Politics & Policy

A Tale of Two Eavesdroppings

Sometimes technology is used to inhibit our freedom, sometimes it's not.

Liberals of all stripes have jumped on President Bush’s strategy to protect all Americans through the use of selective eavesdropping by arguing that the privacy of American citizens is being violated. On the other side of the argument, Ben Stein, noted author and market commentator, recently pointed out that he would rather let the government track his library card than be threatened by another terrorist attack. The jury is still out on this important issue. Yet, without the technology of wiretapping and eavesdropping, there wouldn’t be much of an argument either way.

One must remember that eavesdropping on German and Japanese communications during World War II contributed to our victory over the Axis powers and saved thousands, if not millions, of lives. Today’s world war against the terrorists should not be relegated to a peacetime framework that limits a similar ability to achieve victory.

A related concern in this debate is how the advancement of technology opens up a whole new interpretation of wiretapping and eavesdropping. Look at the Internet. First there was e-mail and more recently instant-messenger services that have brought a whole new meaning to “verbal” communications. E-mail allowed people to write electronic notes, letters, jokes, and send them to an unlimited number of recipients — all for free. In reality, e-mail was an electronic form of verbal communication facilitated by technology. Instant messaging, a real-time version of e-mail, has in a way become the electronic version of conversation. Participants “talk” to each other over the Internet via a provider of messenger services and can literally carry on a number of electronic conversations simultaneously.

Both of these electronic communication techniques have enhanced our ability to “talk” to each other. They’ve also opened up a new avenue for potential eavesdropping.

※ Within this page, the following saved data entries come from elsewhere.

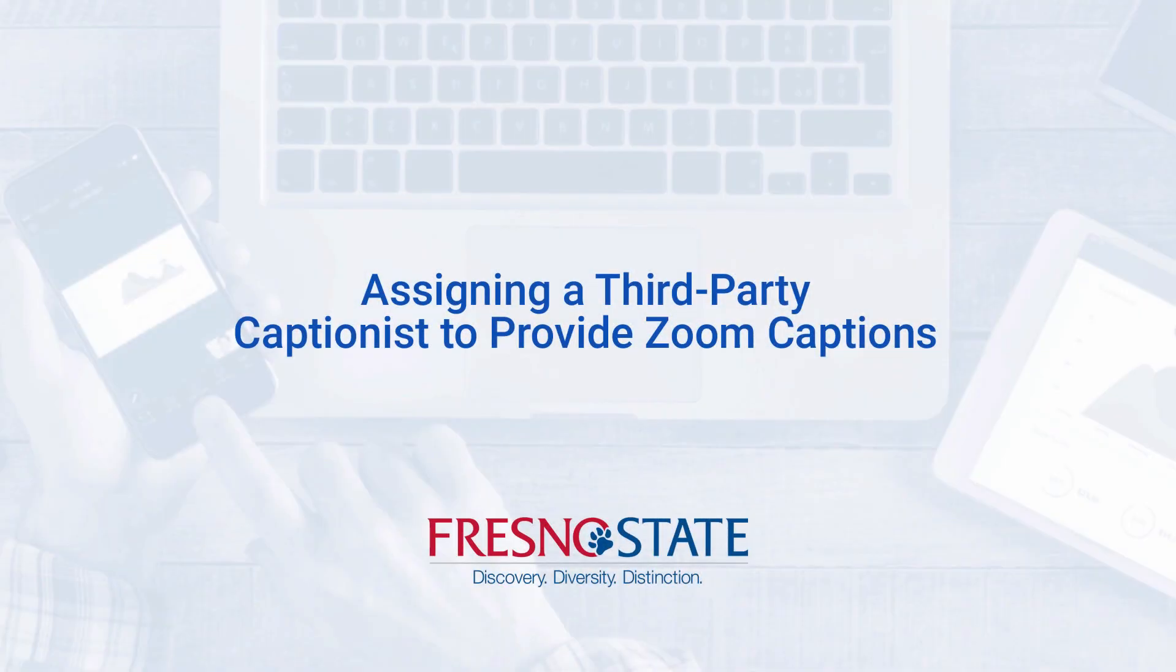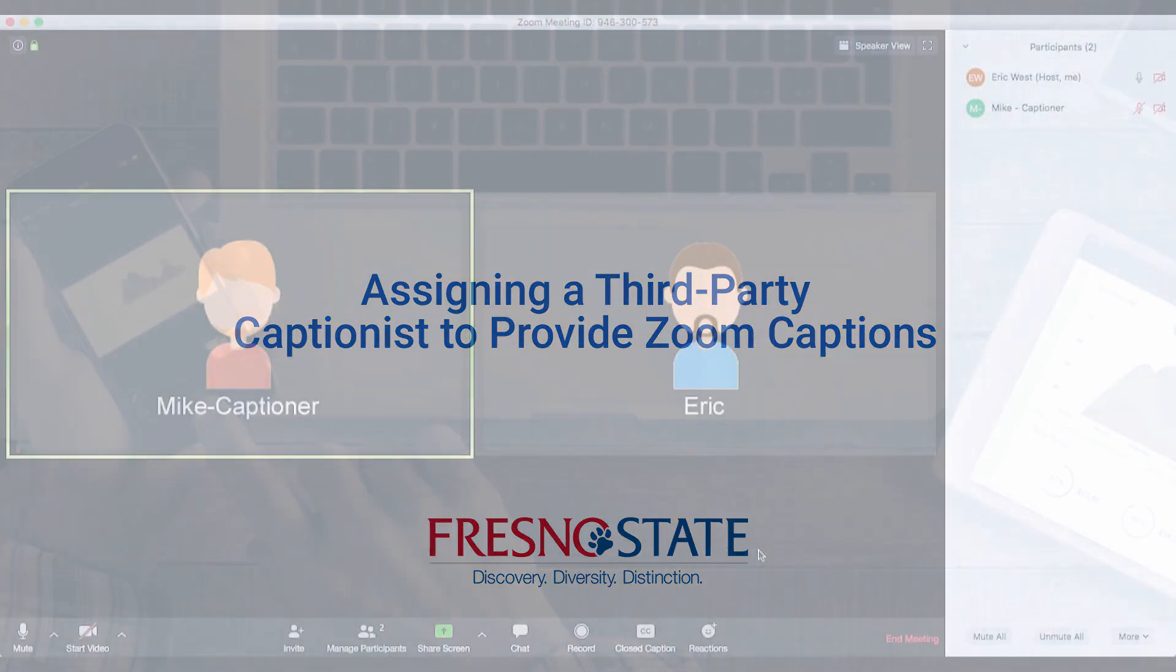If you are the host of a Zoom meeting that will have live captioning from a third-party transcription company, there are a few important steps you must take to ensure your participants are able to view live captions.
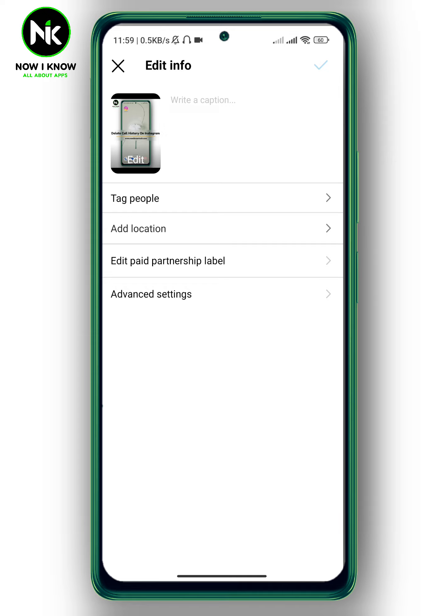And that's it — this is how to edit Instagram Reels. Thanks for watching, see ya!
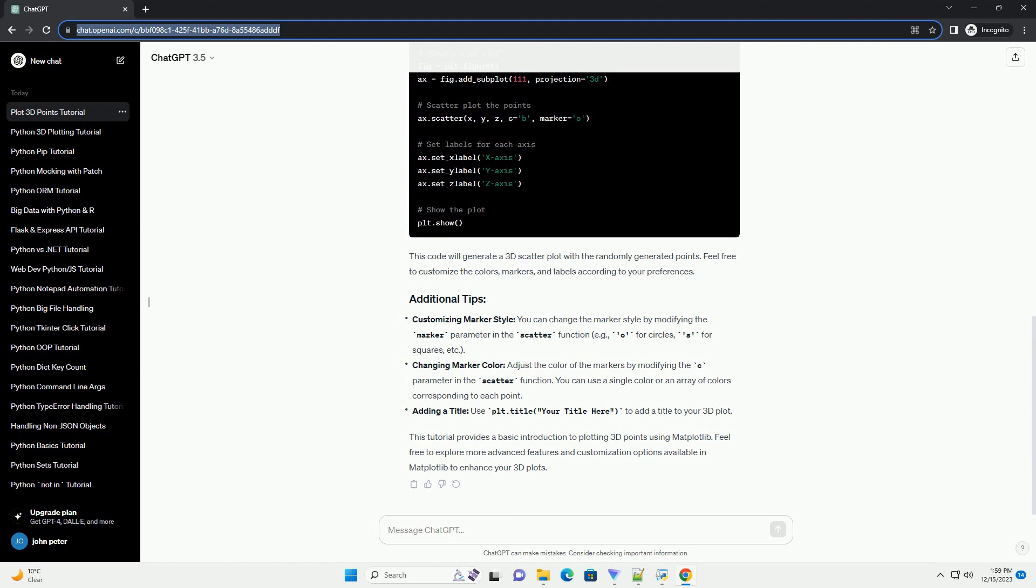Now, let's create a 3D scatter plot using Matplotlib. This code will generate a 3D scatter plot with the randomly generated points. Feel free to customize the colors, markers, and labels according to your preferences.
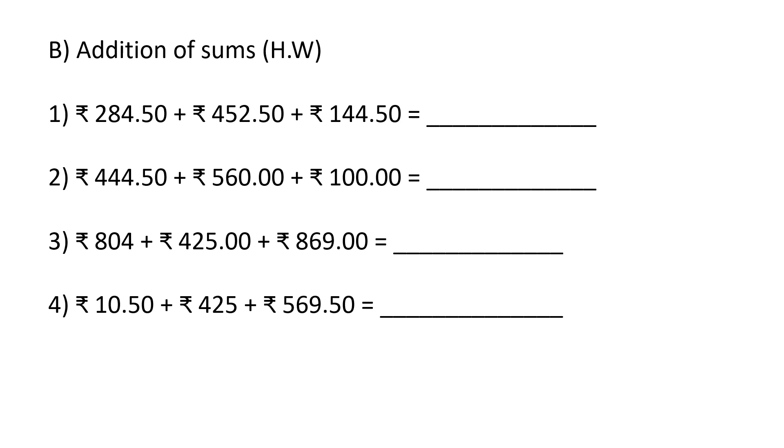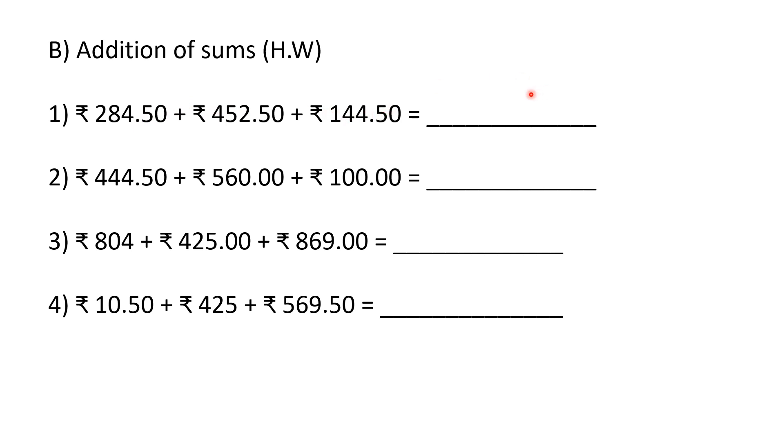I'm going to read the questions and you need to look at the screen. Rupees 284, 50 paise; rupees 452, 50 paise; rupee 144, 50 paise. Add them and find out what is the answer. Draw a column and write the numbers and enter the correct answer in the given blank.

Not so long ago, courts began to subpoena records of e-mail messages as a way to determine who said what and when. The government was quick to require selective industries and companies to maintain records of all employee e-mails. If they did not, large fines would encourage them to do so.

Not too long after that, the government jumped on instant-messaging services, insisting that some companies maintain detailed records of all messenger conversations of all employees. Not only were the companies involved required to keep these records, they were to demonstrate that they had put in place the mechanisms necessary to track these records. Once again, failure to do so would mean a substantial penalty.

Most interestingly, this obvious intrusion into the privacy of Americans seems to have fallen on deaf ears when it comes to the liberal establishment that is so upset about President Bush’s eavesdropping on terrorists. While liberals burn the midnight oil to undermine the president’s policies to protect Americans by threatening impeachment for eavesdropping, virtually any other government entity can intrude upon the privacy of U.S. citizens by having access to electronic conversations. This is not too far removed from a requirement that companies record all real conversations between employees, just in case something might be said that could be used in some subsequent court case.

When technology one day allows us to record our thoughts, will the government require all individuals to be subject to the surveillance of their minds?

But not to veer from my point — which is that there’s more than a whiff of technological hypocrisy in the air these days. The liberal privacy promoters are much more interested in attacking the president for eavesdropping on terrorists than raising concern over the government’s systematic monitoring of users of the Internet.

Am I missing something here?

– Thomas E. Nugent is executive vice president and chief investment officer of PlanMember Advisors, Inc. and principal of Victoria Capital Management, Inc.